# Install and Run the TiVo Android App on a Windows 11 PC



## diegorico (9 mo ago)

*DISCLAIMER:* This method only works on a Windows 11 PC. No exceptions.

For those of you who may be interested in an easier way to watch your TiVo recordings on your Windows 11 PC, this may be a viable solution.

Here are the steps to take:

1) Install the Amazon Appstore (which includes the Windows 11 Android Subsystem) from the Microsoft Store.
2) Download WSATools - APK Installer from the Microsoft Store.
3) Download the TiVo app from APKMirror.com.
4) Run WSATools and follow the setup dialogues to install ADB.
5) Run WSATools again and click on Install an APK.
6) Select the TiVo apk you downloaded in Step 3 (note: I had the try multiple times before it finally installed the TiVo apk).
7) Run the TiVo app like you would from any Android device with the ability to manage recordings, stream recordings, download recordings, etc. right from your Windows 11 PC.

Here is a screenshot showing the TiVo app running on my Windows 11 PC. Enjoy =)


----------



## slowbiscuit (Sep 19, 2006)

Win11? No thanks, may try in a VM but not upgrading yet.

Anyway, does this work out of home, i.e. can you setup OOH streaming and it actually works? Is playback reliable over multiple plays and app restarts? Because on Android it generally isn't IME, at least with a Roamio as host.


----------



## diegorico (9 mo ago)

slowbiscuit said:


> Win11? No thanks, may try in a VM but not upgrading yet.
> 
> Anyway, does this work OOH, i.e. can you setup OOH streaming and it actually works? Is playback reliable over multiple plays and app restarts?
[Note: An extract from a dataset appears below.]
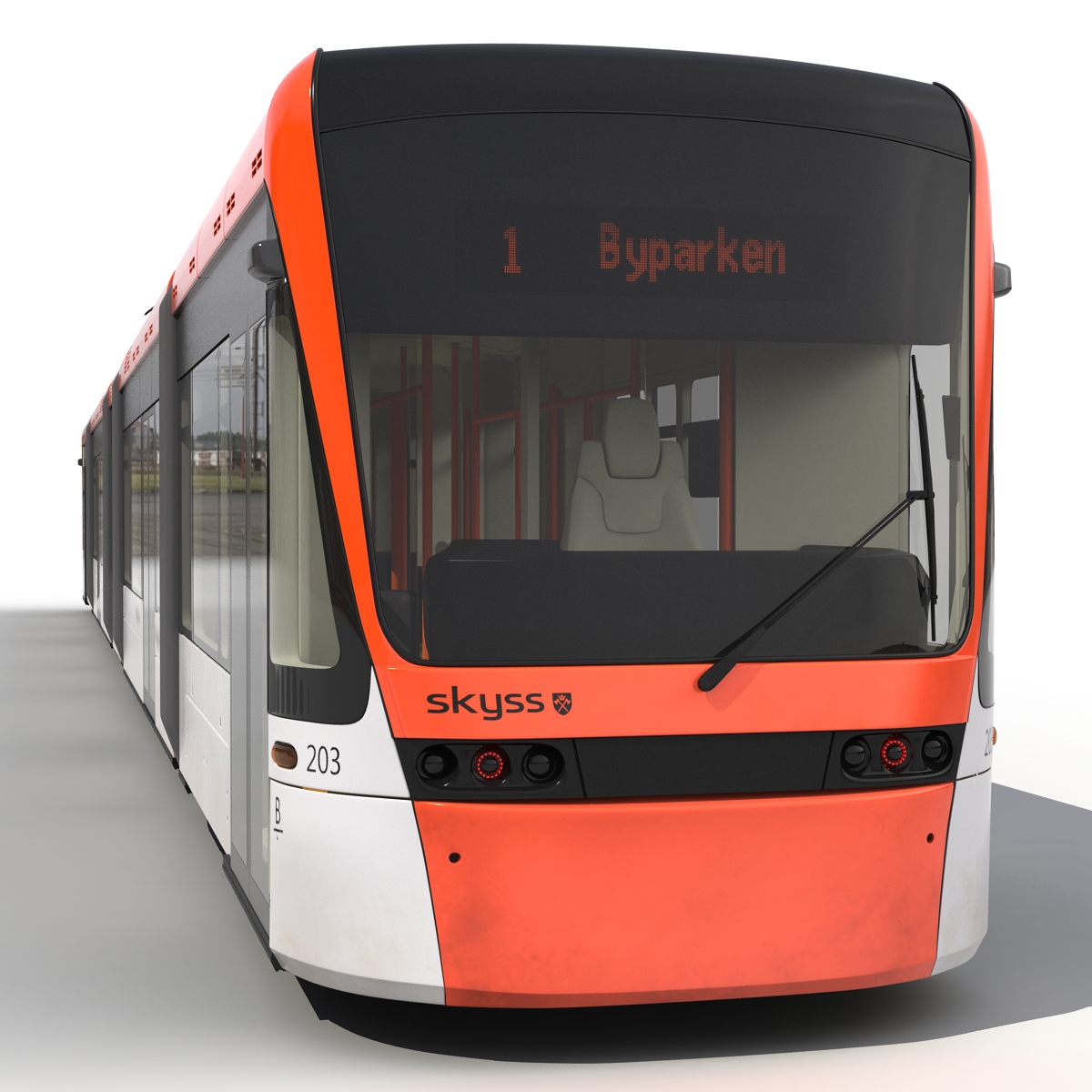 3D model Light Rail Train Bybanen Simple Interior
Because on Android it generally isn't.


Yes, it works OOH with no issues. You still have certain recordings that you can't stream via the app due to copyright restrictions, but I'm sure you're familiar with all of that if you've used the Android app before.


----------



## justen_m (Jan 15, 2004)

diegorico said:


> *DISCLAIMER:* This only works on a Windows 11 PC. No exceptions.


Your method doesn't, but...


slowbiscuit said:


> Win11? No thanks, may try in a VM but not upgrading yet.


I've got the TiVo App installed and running on my Win10 box, under the BlueStacks Android emulator. I just installed BlueStacks, fired it up, launched the Google Play Store and installed the TiVo App like I did on my Android phone. Now I've got a bookmark on my Desktop that launches BlueStacks and the TiVo App with a double click.

Works great. Here are a few screen grabs. I haven't tried OOH streaming with my Win10 laptop, as it hasn't left my house in 2 years. Not going to lug my laptop down to the library just to try OOH. OOH streaming seems to work fine with my phone, from my Bolt and Roamio Plus, with wired cat5e, no problems like you describe. I do have a 5G phone that gets ridiculous bandwidth, and my TiVos are connected to my cable internet that gets 30Mbps upload speeds. Here are a few screenshots I just took. A couple menus, and a paused streaming show (Abbot Elementary).


----------



## diegorico (9 mo ago)

Good points, emulation or VMs are always an option. And I'm glad it worked with BlueStacks as well.

It's unfortunate that it's 2022 and we still don't have a proper Windows TiVo app, but it's great that we have workarounds with the Android app.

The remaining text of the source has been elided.